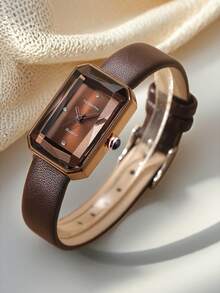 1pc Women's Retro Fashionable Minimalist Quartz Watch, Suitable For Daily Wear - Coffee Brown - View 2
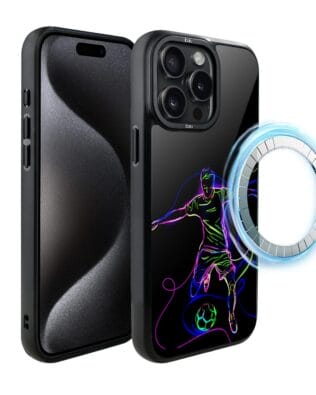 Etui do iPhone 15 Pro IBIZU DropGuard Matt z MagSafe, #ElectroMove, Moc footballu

--

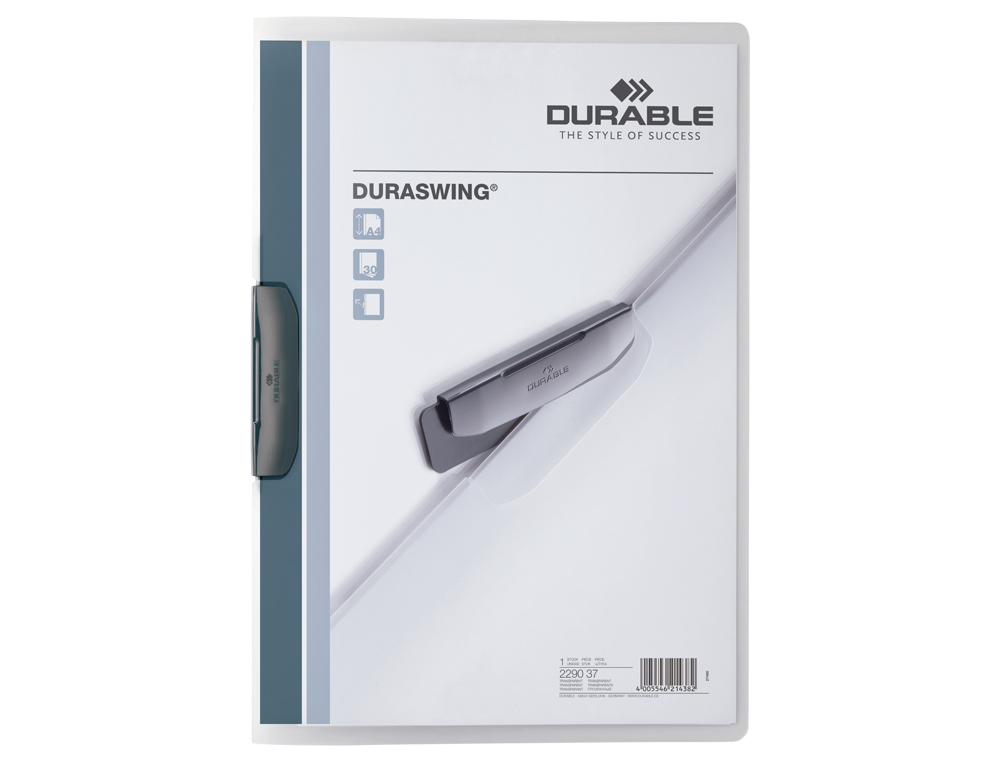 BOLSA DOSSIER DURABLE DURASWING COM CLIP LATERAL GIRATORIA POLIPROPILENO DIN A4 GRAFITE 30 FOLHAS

--

## Exercise prompt
Repeat exactly the lines above, beginning at the one containing "1pc Women's Retro" and ending at the one containing "Etui do iPhone". Do not carry over any pictures.

## Response to the exercise
 1pc Women's Retro Fashionable Minimalist Quartz Watch, Suitable For Daily Wear - Coffee Brown - View 2
 Etui do iPhone 15 Pro IBIZU DropGuard Matt z MagSafe, #ElectroMove, Moc footballu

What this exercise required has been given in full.